Dell buyout proposal fails to impress shareholders
Founder and equity firm will have to sweeten bid to take over computer maker after two biggest outside investors reject their offer

Dell, the computer maker that agreed to a US$24.4 billion buyout this month, is coming under increased pressure to make the deal more attractive to shareholders who say the transaction undervalues the company.
Options include boosting the offer price or increasing the dividend.
Dell's biggest outside investors, T. Rowe Price and Southeastern Asset Management, oppose the US$13.65-a-share proposal, saying it undervalues the number-three maker of personal computers.

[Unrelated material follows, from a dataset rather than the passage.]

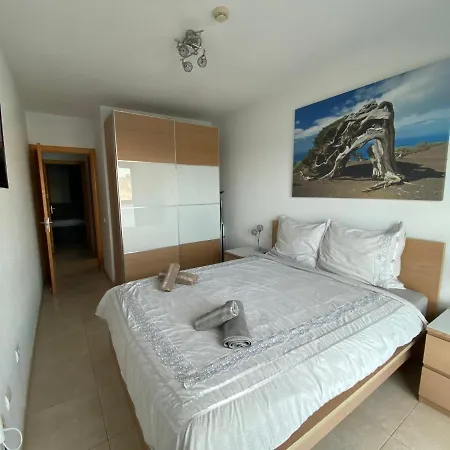 Four Seasons - Playa Del Cura Apartment *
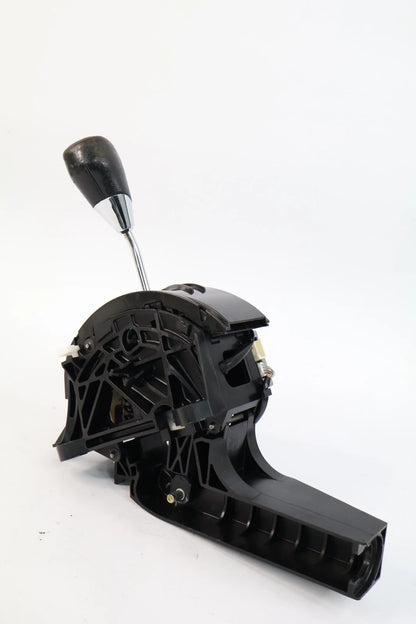 11-14 TOYOTA SIENNA AUTOMATIC TRANSMISSION GEAR SHIFT SHIFTER SELECTOR LEVER OEM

In the largest leveraged buyout since the financial crisis, founder Michael Dell and private equity firm Silver Lake Management seek to take Dell private after the company lost almost one-third of its value last year amid stiffening competition in mobile and cloud computing. The buyers need approval by a majority of shareholders, excluding Michael Dell, and their chances diminish as opposition gains momentum.
"I don't think the offer will get the shareholder vote, especially as the two largest shareholders have come out early and against," said Louis Meyer, an analyst at Oscar Gruss & Son.
Opposing investors would first push for a higher price, he said. Failing that, they would probably "press for some sort of recapitalisation, such as a special dividend".
Dell rose less than 1 per cent to US$13.79 in New York on Tuesday, the highest since last May. The buyout offer is 25 per cent higher than the US$10.88 closing on January 11, the last trading day before buyout talks became public.